Its very triumph, the story goes, had rendered it at best irrelevant and at worst a lie. Maybe, like many a revolution, it had rested on a lie all along. For Sherrie Levine in 1981, it was long since time to call it on its lies. Walker Evans's (really) Alabama Tenant Farmer's Wife (University of Texas, Austin, 1936)With her photographs after Walker Evans, she sought to dismantle its claims to authenticity and progressive politics, so that she could reclaim them as a woman’s own.

Still, the worm turns, and could it have turned against Postmodernism? “American Photographs,” at MoMA in 1938, contained work by Evans for the Farm Security Administration, and a different selection appeared in book form soon after. Levine simply photographed twenty-two of its images and displayed the prints, at Metro Pictures in Soho. Just recently, Martí Cormand copies Levine in her entirety, at Josée Bienvenu through March 3. He did not quite wait another forty-three years like Levine, but the pace of change is faster these days. Is he piercing Postmodernism’s myths, or is he, too, claiming the past for himself?
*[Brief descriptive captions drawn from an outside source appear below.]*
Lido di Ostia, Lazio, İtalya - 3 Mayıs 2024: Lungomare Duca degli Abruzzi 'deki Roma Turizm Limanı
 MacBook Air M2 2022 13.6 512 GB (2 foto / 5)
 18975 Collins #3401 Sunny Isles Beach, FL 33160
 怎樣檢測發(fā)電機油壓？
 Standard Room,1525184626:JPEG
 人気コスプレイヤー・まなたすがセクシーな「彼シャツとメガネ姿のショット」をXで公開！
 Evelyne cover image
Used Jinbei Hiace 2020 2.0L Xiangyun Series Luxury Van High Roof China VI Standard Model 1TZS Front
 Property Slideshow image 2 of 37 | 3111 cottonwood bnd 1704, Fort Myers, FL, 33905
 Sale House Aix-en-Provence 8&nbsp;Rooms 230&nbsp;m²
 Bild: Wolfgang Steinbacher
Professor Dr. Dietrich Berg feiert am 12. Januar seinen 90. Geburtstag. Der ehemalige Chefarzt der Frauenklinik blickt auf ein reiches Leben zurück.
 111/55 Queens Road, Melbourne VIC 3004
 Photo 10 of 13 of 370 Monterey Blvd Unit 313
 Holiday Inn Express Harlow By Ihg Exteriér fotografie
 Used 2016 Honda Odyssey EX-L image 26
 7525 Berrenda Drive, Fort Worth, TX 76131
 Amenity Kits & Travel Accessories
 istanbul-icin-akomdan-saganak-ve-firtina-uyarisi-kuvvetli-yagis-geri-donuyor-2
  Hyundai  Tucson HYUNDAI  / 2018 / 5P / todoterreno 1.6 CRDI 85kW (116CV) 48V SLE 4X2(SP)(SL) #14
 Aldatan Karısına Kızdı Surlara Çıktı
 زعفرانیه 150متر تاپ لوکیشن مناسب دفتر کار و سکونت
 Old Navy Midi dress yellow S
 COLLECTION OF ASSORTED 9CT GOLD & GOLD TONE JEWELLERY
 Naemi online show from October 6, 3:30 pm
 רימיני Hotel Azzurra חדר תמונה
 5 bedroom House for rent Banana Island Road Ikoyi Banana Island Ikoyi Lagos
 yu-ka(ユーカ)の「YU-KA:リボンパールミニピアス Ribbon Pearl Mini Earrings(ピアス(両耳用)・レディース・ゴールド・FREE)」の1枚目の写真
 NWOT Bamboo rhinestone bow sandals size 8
His small drawings sure look familiar, much as Levine, Cindy Sherman, and the “Pictures generation” traded on familiarity. They have the iconicity of the Dust Bowl, wood-frame churches, and a struggling family of five. And there is no mistaking solo portraits of the tenant farmer and his wife. The drawings could almost be photos, but that is the nature of a copy, and it gives new meaning to photorealism. They could also be directly after Evans, rather than, as the show has it, “after Levine, Evans”—but then how would one know? Score one more point for Evans or for Postmodernism, as you see fit.

Cormand is good at scoring points, from his grasp of technique to his grasp of history. His pencil has the spare precision of patterned dresses, the cross on a wooden church, or the raised collarbones on a tenant farmer’s wife. It also has the softness and smudges to place them in a more comforting realm of memory. His subjects had their comforts, too, even in poverty, like the pictures on a wall or the portable clock on the mantel. Originally from Spain (assuming that one can talk here with a straight face about originality), Cormand is at home these days in Brooklyn, but these people were at home, too. Their churches stand empty, because Evans testifies to ordinary circumstances and not Sunday sermons.

Cormand calls the show “Formalizing Their Concept.” That could echo Modernism’s demand for formalism, the conceptual art that rebelled against it, or postmodern jargon in discussing both. The gallery cites Lucy Lippard, who identified conceptual art with “dematerialization” in 1967. It then speaks of Cormand as rematerializing the work after Levine. The word evokes late Modernism’s insistence on the art object, but then it places the original at a second or third remove. Besides, conceptual art often has a material element, especially today.

Levine, to me, has not held up half as well as many a contemporary, with a gratingly literal politics and strategy. At the same time, Evans holds up well indeed, with the idealism of the New Deal, an unsentimental eye, and even anticipations of Postmodernism in his postcards and penny pictures. His depth of focus hones in on the Depression with a frankness that could put even Cormand’s fine graphite to shame. Call him a dead white male if you like, but the Farm Security Administration employed Gordon Parks, the African American photographer, too. Still, Cormand takes the risk of bringing the dead alive. Copy me on the next turn.